Книга Скрипка Льва - Хелена Аттли
Шрифт:
Интервал:
Закладка:
Четырнадцать горных долин в Пьемонте стали надежным прибежищем окситанского языка, который просочился сюда через границу с юга Франции в одиннадцатом веке вместе с музыкой и поэзией трубадуров. Несмотря на подавление, игнорирование и вытеснение на протяжении веков, окситанский язык не просто выжил - примерно половина населения долин сегодня все еще говорит на одном из его многочисленных диалектов, а окситанская музыка настолько популярна, что более шестидесяти групп в Италии исполняют её профессионально.

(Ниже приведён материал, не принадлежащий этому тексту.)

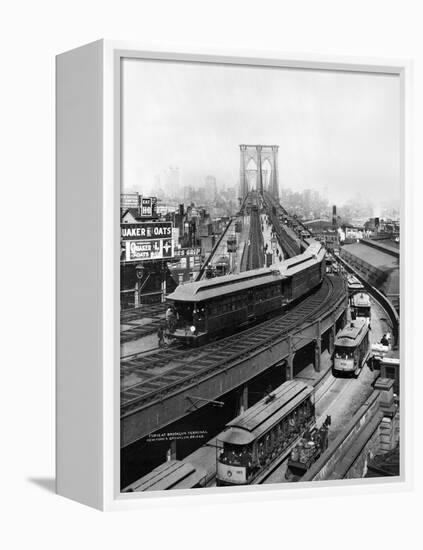 NY: Brooklyn Bridge, 1898-null-Framed Premier Image Canvas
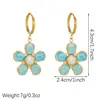 Pendientes florales de alta gama estilo moda europea y americana, colgantes de flor con esmalte azul y blanco bañados en oro, pendientes de aro de acero inoxidable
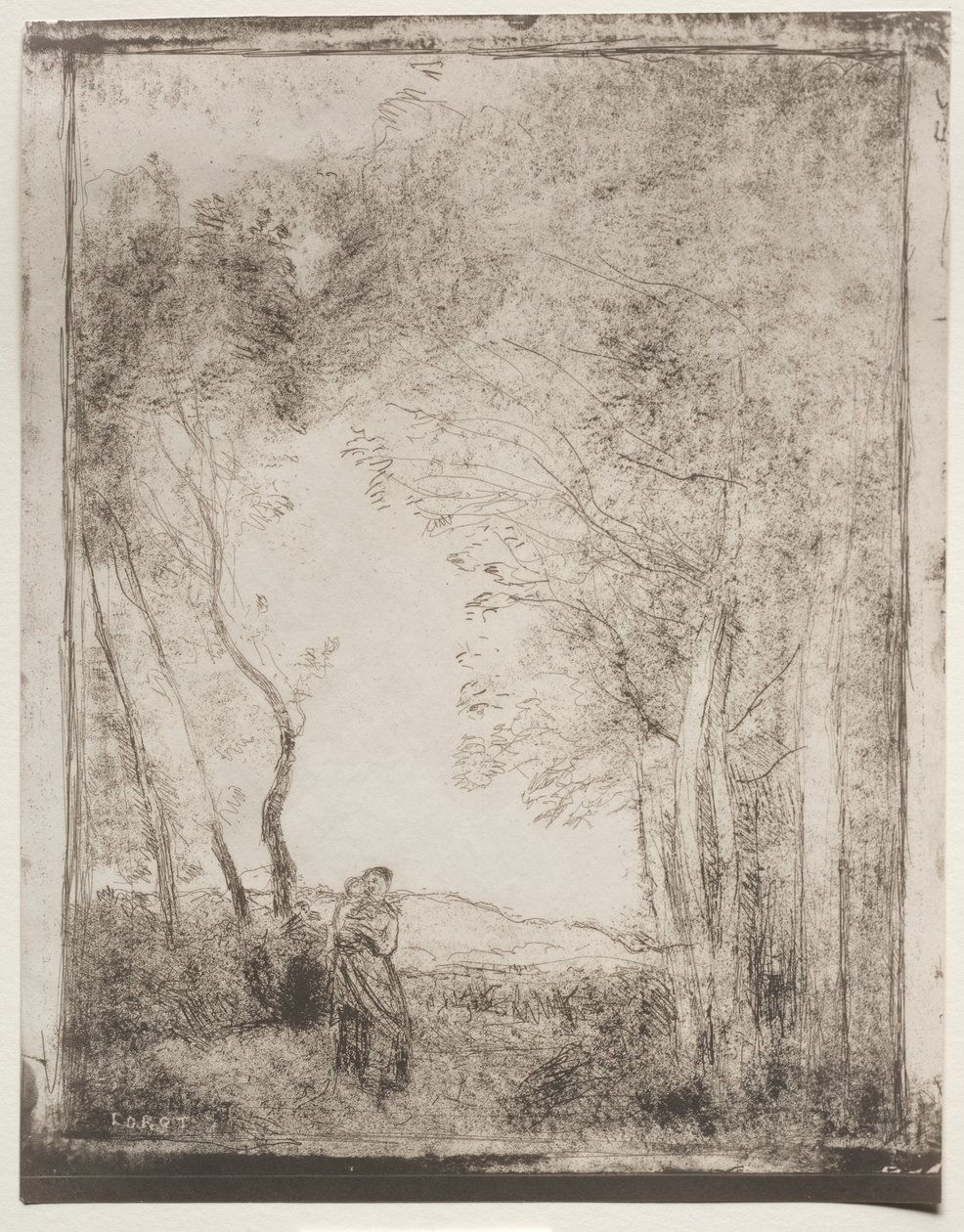 Uma jovem mãe na entrada de uma madeira, impressão original 1856, impressa em 1921. de Jean Baptiste Camille Corot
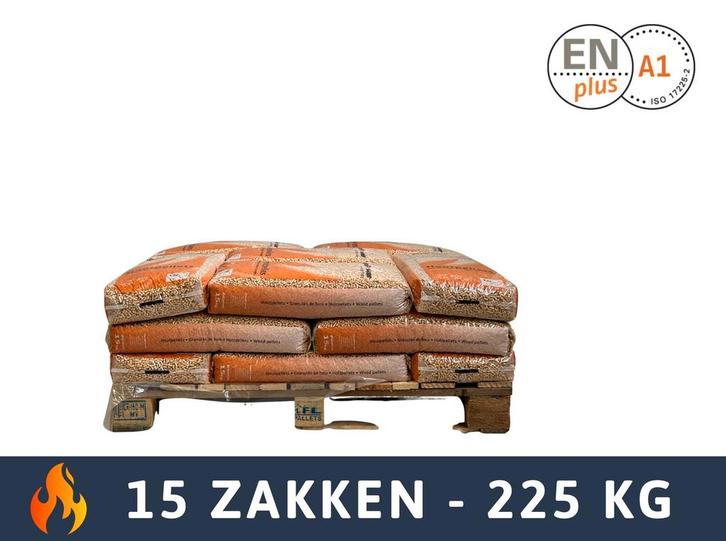 PURE POWER - Houtpellets - ENplus A1 - 15 zakken - 225 KG, Tuin en Terras, Haardhout, Ophalen of Verzenden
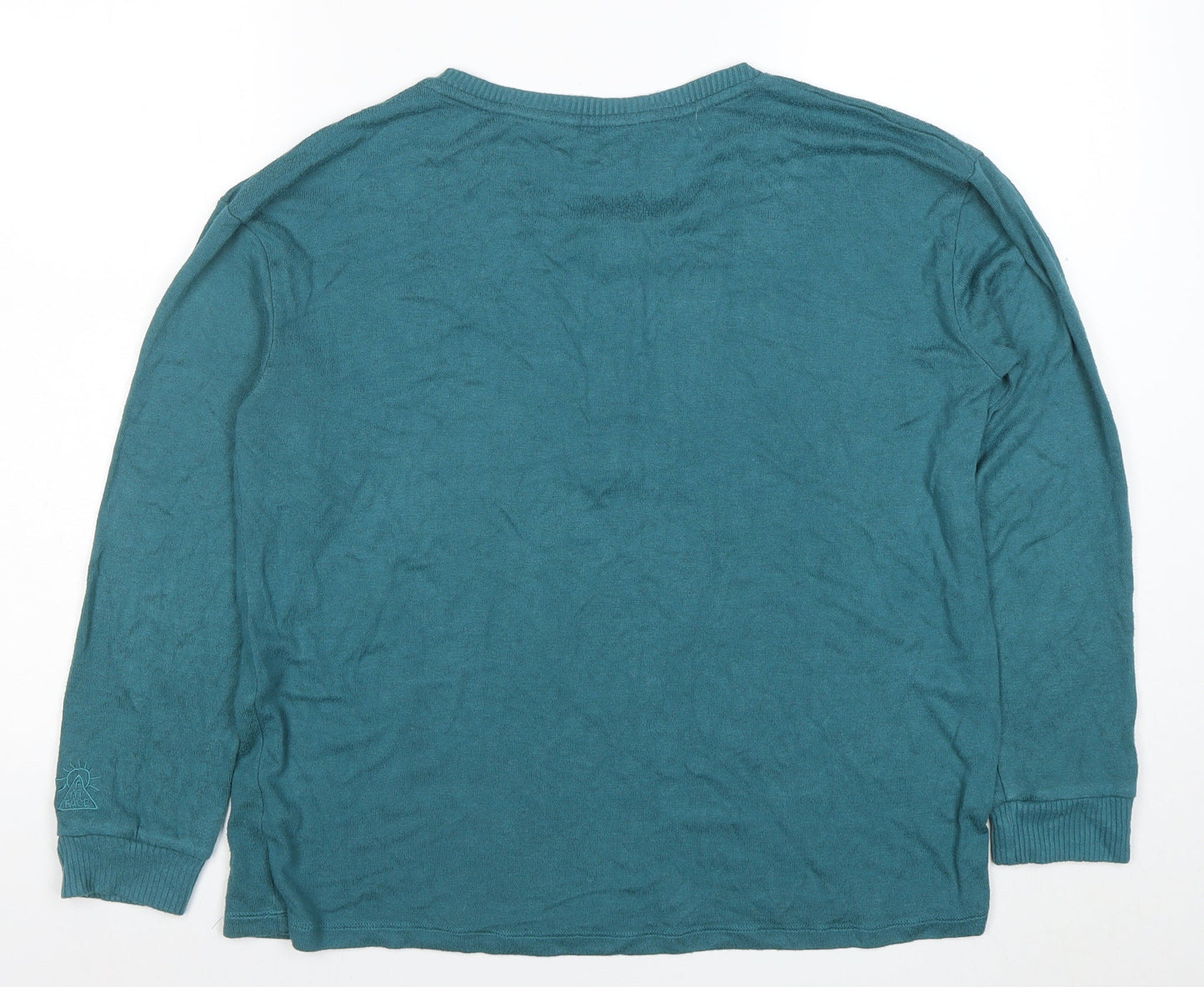 FatFace Womens Teal Cotton Henley Jumper Size 10 Long Sleeve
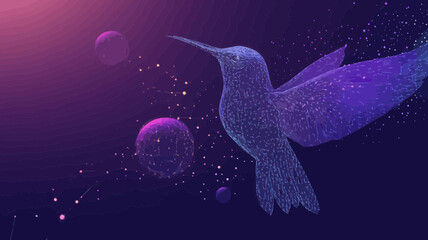 Abstract Colibri in Starry Sky, Minimalist SVG Vector, Cosmic Universe, Wireframe Hummingbird with Planets and Stars, Unique Space Concept Illustration, Points Lines Shapes, Futuristic Digital Art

У обитателей обширной территории Окситании никогда не было страны, которую они могли бы назвать своей собственной, и тем не менее вы можете легко попасть туда, как и я, запрыгнув в автобус возле вокзала в итальянском Кунео и направившись на северо-запад в сторону Валле-Майра. Когда я отправилась в путешествие, была осень, и предгорья Альп издалека выглядели бархатистыми из-за деревьев с листьями цвета скрипичного лака. Вдоль дороги чередовались полосы скошенной и неубранной кукурузы - лоскутное одеяло из кусков произвольной формы желтого и бледно-зеленого цвета. По мере продвижения от деревни к деревне кукуруза уступала место яблоневым садам, рощам фундука и небольшим промышленным зонам, которые были врезаны в это лоскутное одеяло, как если бы они были просто полями, с которых снимали урожай ещё каких-то экзотических продуктов. Перед одним из них была площадка, заставленная зелеными кранами, и на ней же стайка машин, окруженная заборчиком, как будто гигантских птиц на ферме заперли в загон. Я сошла с автобуса в Дронеро - или Драонье, как сказали бы по-окситански - в начале долины Майра. Городок этот, старомодный и невыразительный, имеет вид места, которое не понаслышке знает о снеге. Сводчатая галерея протянулась вдоль главной улицы, образуя темные пещеры - входы в маленькие магазинчики, в которых продаются кардиганы для старушек, кастрюли для запекания каштанов, перочинные ножи, топоры и пуховики, продаваемые на вес в граммах. Река Майра протекает в нижней части города, ее берега соединяет Понте Дьяболо, великолепный средневековый мост с узкими бойницами в зубчатых стенах.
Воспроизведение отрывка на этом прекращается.